**RECORD SET**
==*==

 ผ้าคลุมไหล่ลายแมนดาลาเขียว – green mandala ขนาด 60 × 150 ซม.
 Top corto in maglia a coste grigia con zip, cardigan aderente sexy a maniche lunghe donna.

==*==

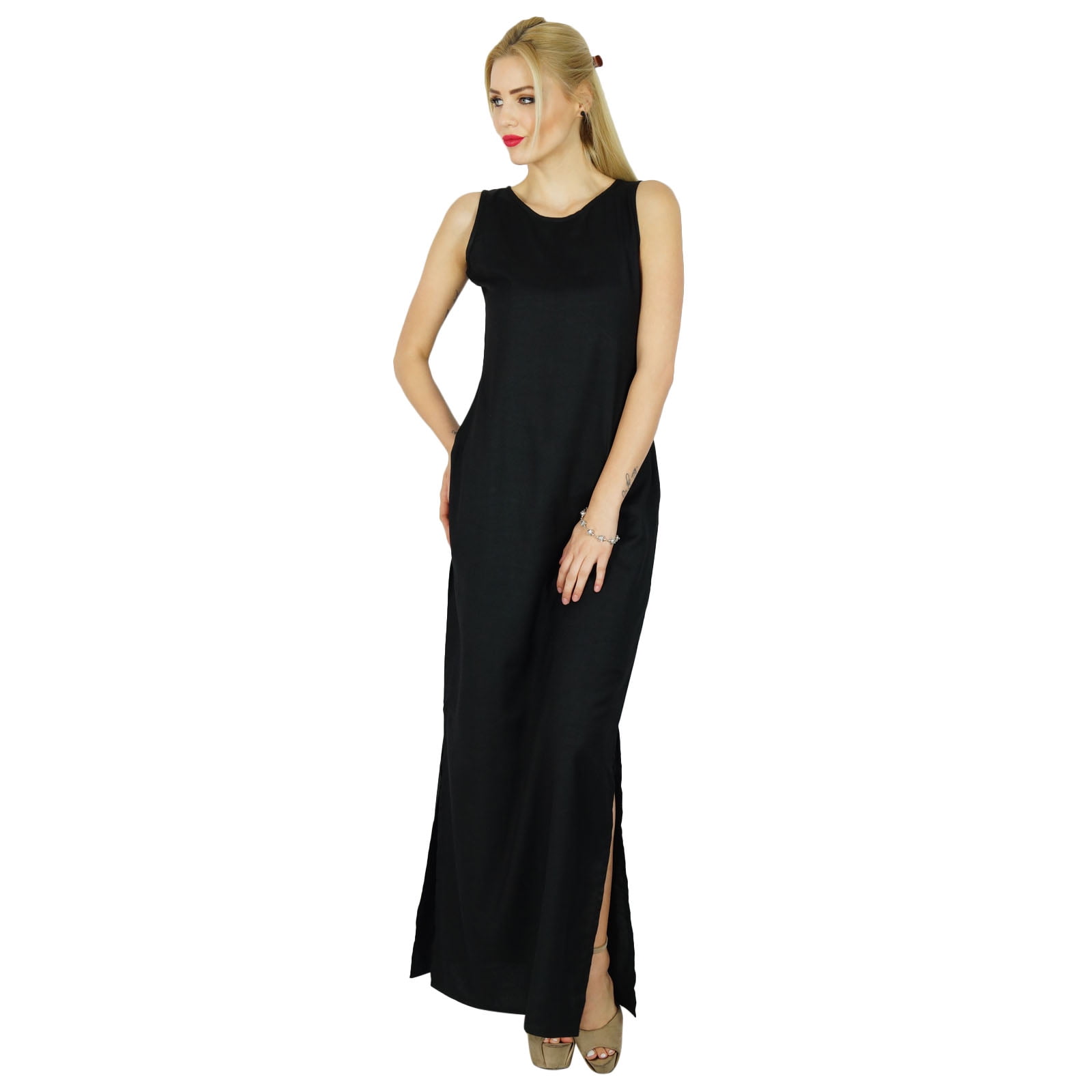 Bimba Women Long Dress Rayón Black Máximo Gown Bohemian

==*==

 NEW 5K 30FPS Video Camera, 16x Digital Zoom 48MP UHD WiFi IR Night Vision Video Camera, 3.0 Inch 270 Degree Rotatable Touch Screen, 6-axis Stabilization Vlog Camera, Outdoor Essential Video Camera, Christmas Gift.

==*==

**INSTRUCTIONS TO FOLLOW**
Retype only the lines above between the line with "ผ้าคลุมไหล่ลายแมนดาลาเขียว – green" and the line with "Top corto in", counting those two lines as well, and keep every character as it is.

**YOUR RESPONSE**
 ผ้าคลุมไหล่ลายแมนดาลาเขียว – green mandala ขนาด 60 × 150 ซม.
 Top corto in maglia a coste grigia con zip, cardigan aderente sexy a maniche lunghe donna.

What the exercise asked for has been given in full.